An Effective Feature Extraction Method for Tomato Leafminer-<i> Tuta</i><i> Absoluta</i> (Meyrick) (Lepidoptera: Gelechiidae) Classification


Uygun T., Kilicarslan S., Kozkurt C., ÖZGÜVEN M. M.

BRAZILIAN ARCHIVES OF BIOLOGY AND TECHNOLOGY, 2025 (SCI-Expanded) identifier

  • Yayın Türü: Makale / Tam Makale
  • Basım Tarihi: 2025
  • Doi Numarası: 10.1590/1678-4324-2025240501
  • Dergi Adı: BRAZILIAN ARCHIVES OF BIOLOGY AND TECHNOLOGY
  • Derginin Tarandığı İndeksler: Science Citation Index Expanded (SCI-EXPANDED), Scopus, Animal Behavior Abstracts, Aquatic Science & Fisheries Abstracts (ASFA), BIOSIS, Biotechnology Research Abstracts, CAB Abstracts, Veterinary Science Database, Directory of Open Access Journals
  • Ankara Üniversitesi Adresli: Evet

Özet

Global warming caused by climate change causes some problems in agricultural production.

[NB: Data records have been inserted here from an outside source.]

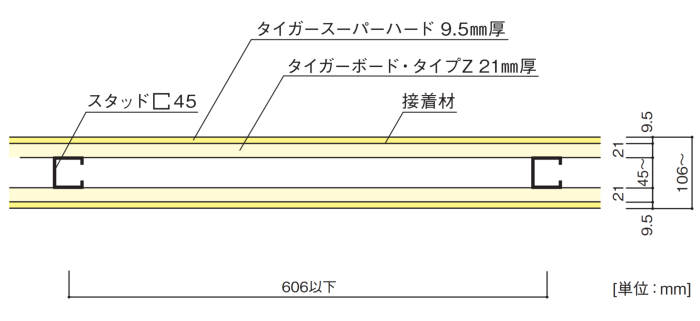 truss (トラス) - メーカー横断の建材検索サイト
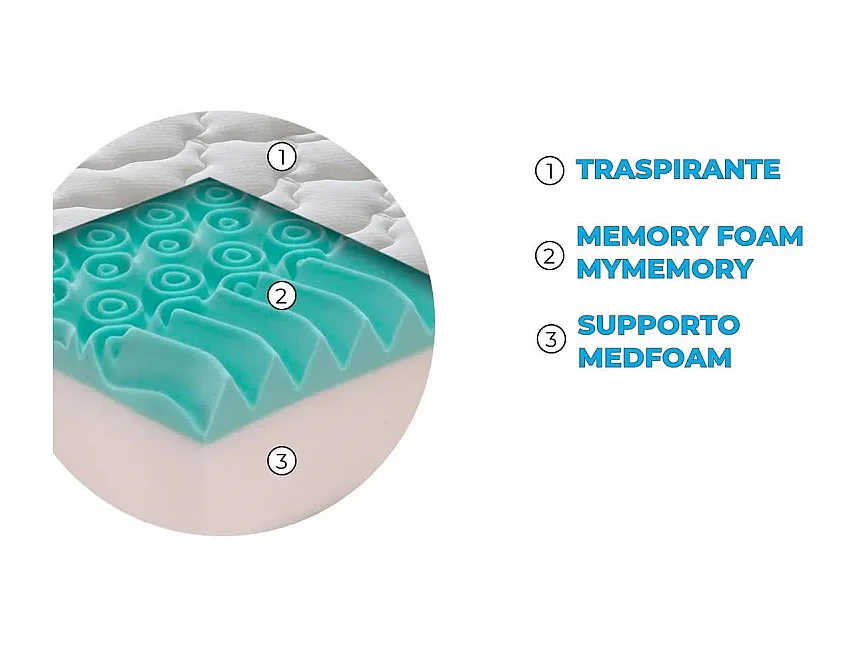Antoinette materasso 21cm in memory foam MyMemory - 160x190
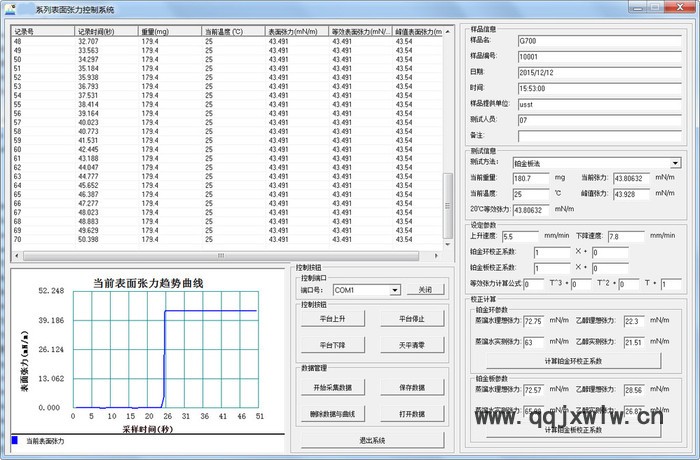 PZ-A3 液體界面張力儀  表面張力儀 表面張力分析儀 張力測試儀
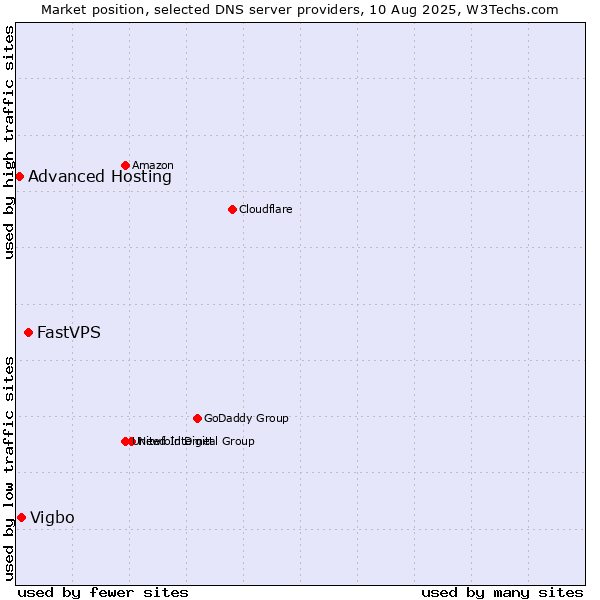 Market position of FastVPS vs. Vigbo vs. Advanced Hosting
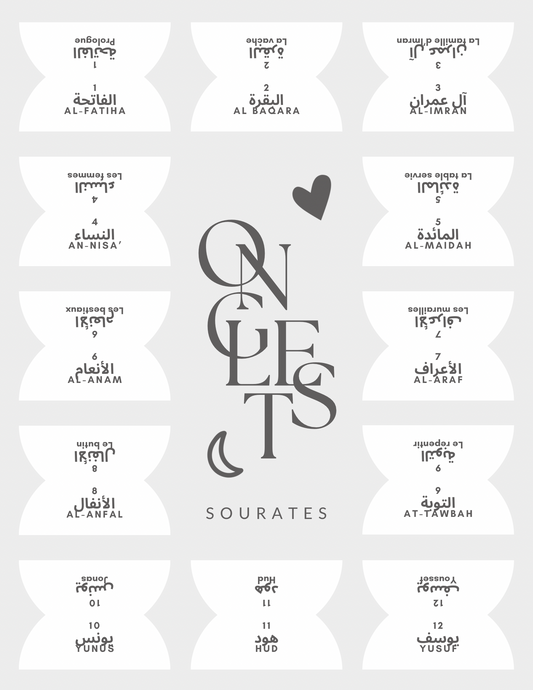 Onglets sourates • Blanc/gris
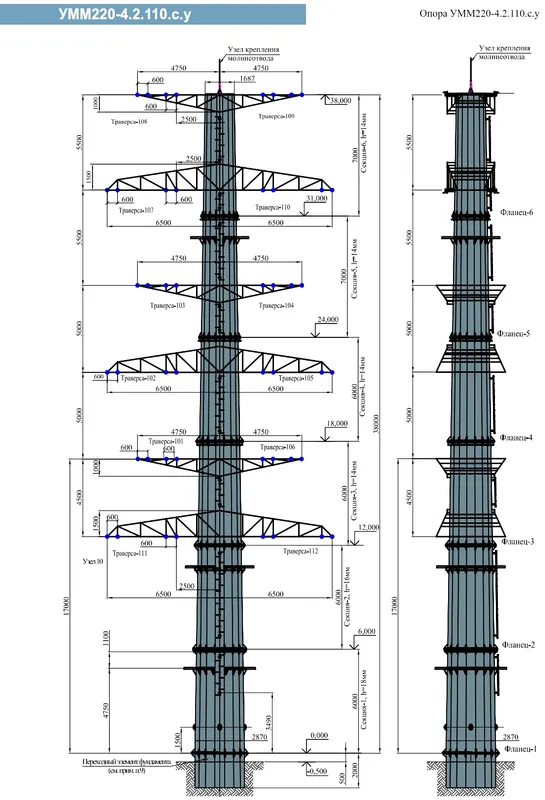 Чертеж КМД Анкерно-угловая опора УММ220-4.2.110.с.у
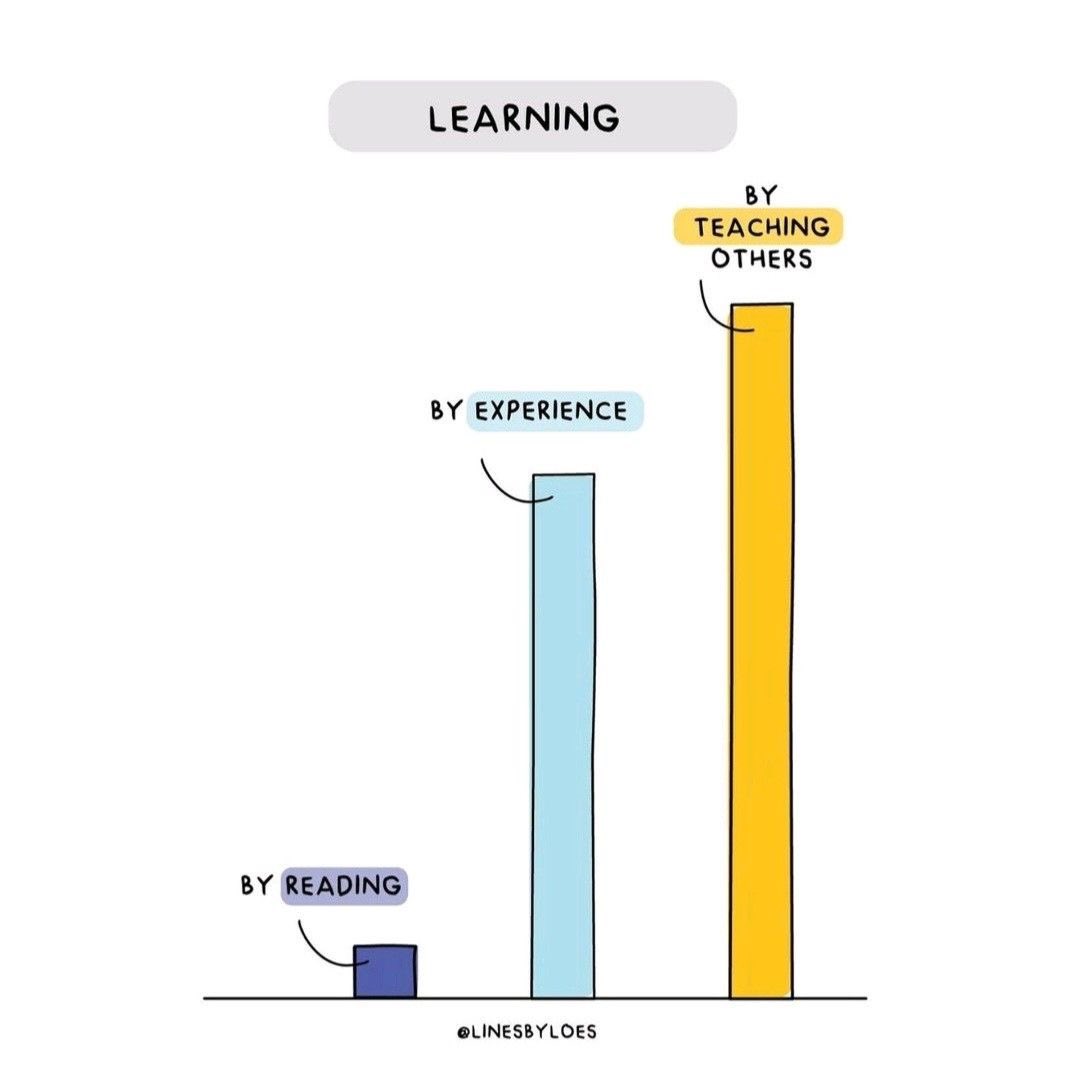 ChessAnalysis64's tweet image. 
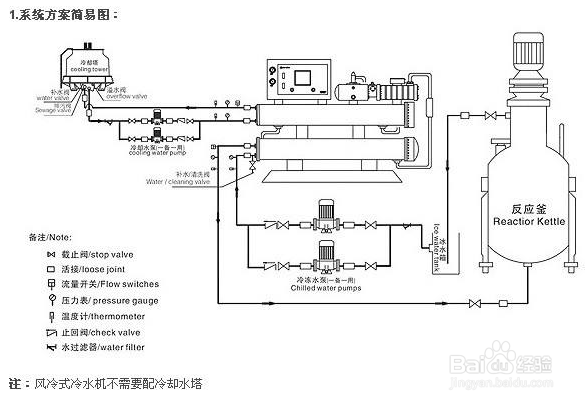【冷水】處理冷水機冷水不循環(huán)問題的簡單方法 【冷水】處理冷水機冷水不循環(huán)問題的簡單方法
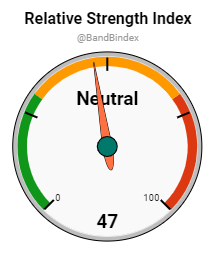 neroitech's tweet photo. Bear and Bull Index is: 43

Market Overview: Neutral
Opinion: Use stop loss
Market Momentum: Neutral

Last generated: September 9, 2022, 4:32 AM
Powered by @LunarCrush

#BandBindex #LunarCrush #BTC #ETH https://t.co/nJkUX0MSQr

One of these problems is the increase in various pest populations. This increase poses a serious threat to agricultural products and significantly negatively affects productivity and quality. Insecticides are commonly used to combat pests. However, most of the time, farmers' lack of knowledge in recognizing pests and understanding their effects results in incorrect and excessive spray applications. While excessive use of insecticides harms human health and environmental pollution, it also increases production costs, causes changes in the genetic structures of pests, causing them to become more resistant, and makes agricultural control difficult. Therefore, early detection of pests and their damage to the plant is extremely important. This study aims to develop an accurate and efficient method to detect damage caused by the tomato leaf miner, Tuta absoluta, on tomato leaves. A dataset comprising healthy and damaged tomato leaves was created. Using a hybrid approach, features were extracted through Convolutional Neural Networks (CNNs) with transfer learning and classified using traditional machine learning techniques. Among the methods evaluated, SVM-Linear achieved the highest accuracy with 97.83%, outperforming other classifiers such as Random Forest with 96.14%, Rotation Forest with 95.89%, and SVM-RBF with 90.70%. These results highlight the potential of combining deep learning-based feature extraction with conventional machine learning for early pest detection. This approach offers a practical solution to reduce the misuse of insecticides and improve pest management strategies, contributing to sustainable agriculture.